Too many firms are like the gym goer who has developed a toned upper body but neglected to work on their legs so they remain skinny and underdeveloped, ruining the overall effect (especially in a bikini).
In recent years Air New Zealand have led the way in terms of innovation in ‘downstream’ activities i.e. those focussed on the customer and the market. The Sports Illustrated Swimsuit safety video is the latest in a string of productions, invariably popular and sometimes controversial, that have delivered enormous amounts of online exposure for the airline.
Instead of the expensive old television commercials of old, they’ve bought us safety videos around the All Blacks, The Hobbits, Bear Grylls, Richard Simmons, a bunch of older people and even naked (but painted) airline staff. The Hobbits alone got 12 million views on YouTube.
Then there has been smarts around the customer experience, enabling online or smartphone based ticket purchase, seat selection and check-in.
Pricing innovations have included breaking down ticket prices into components – fare, luggage, entertainment etc – acknowledging the customer values these parts differently. Grabaseat provides a lower price option, while trading off convenience. They've also tried other ideas like customers bidding in an auction for upgrades to long haul tickets.
This doesn't mean they have ignored the upstream activities, in fact Air New Zealand has been acknowledged for good decisions around buying new planes, building alliances with other airlines and pruning unprofitable routes. What they have done is paired that traditional focus with one on innovating around the customer.
When Air New Zealand recently announced their 6 month profit to December 2013, it had increased by 40%, Qantas posted a significant loss and indicated they would be cutting 5000 jobs.Both airlines have faced the same challenges in terms of a tough airline sector, but Air New Zealand’s performance has been far superior.
How do you break out the bikinis for your business?
The answer starts with your customer.
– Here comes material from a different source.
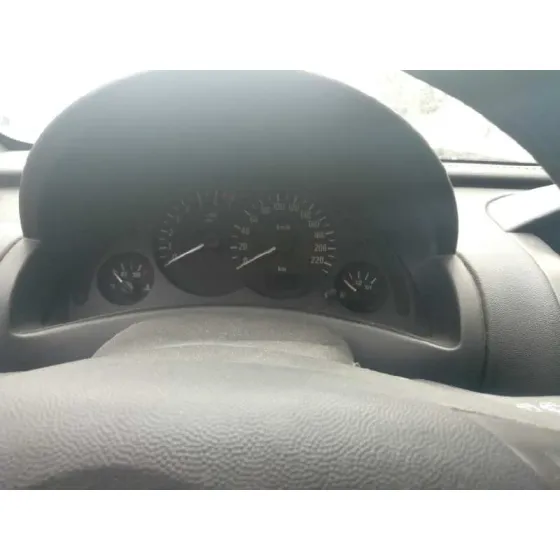 OPEL CORSA C '2001 CLUB GRIS PLATA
To develop effective downstream ideas you need to be able to understand the customer’s ‘journey’, from the time they even remotely start thinking about your kind of product, through evaluating all their options, trying it out, purchasing it, using it right, right through to finishing with it.
Increasingly this needs to be done online. Customers are doing all of their research, feature comparison and price checking using the web, no matter how big and complex the product, and if you are not there it is hard to compete.
Fisher & Paykel (brilliant distribution channels), Xero (clever use of online channels) and SLI Systems (market segment focus) are all Kiwi technology companies with world class products and a relentless focus on improving them, but have also innovated ‘downstream’, in the market.
They have a well-developed but well-balanced business ‘physique’, enabling them to succeed in big, intensely competitive markets like the US. Accept that your product is probably good enough, break out the bikinis and focus more on what else you need to attract and delight customers.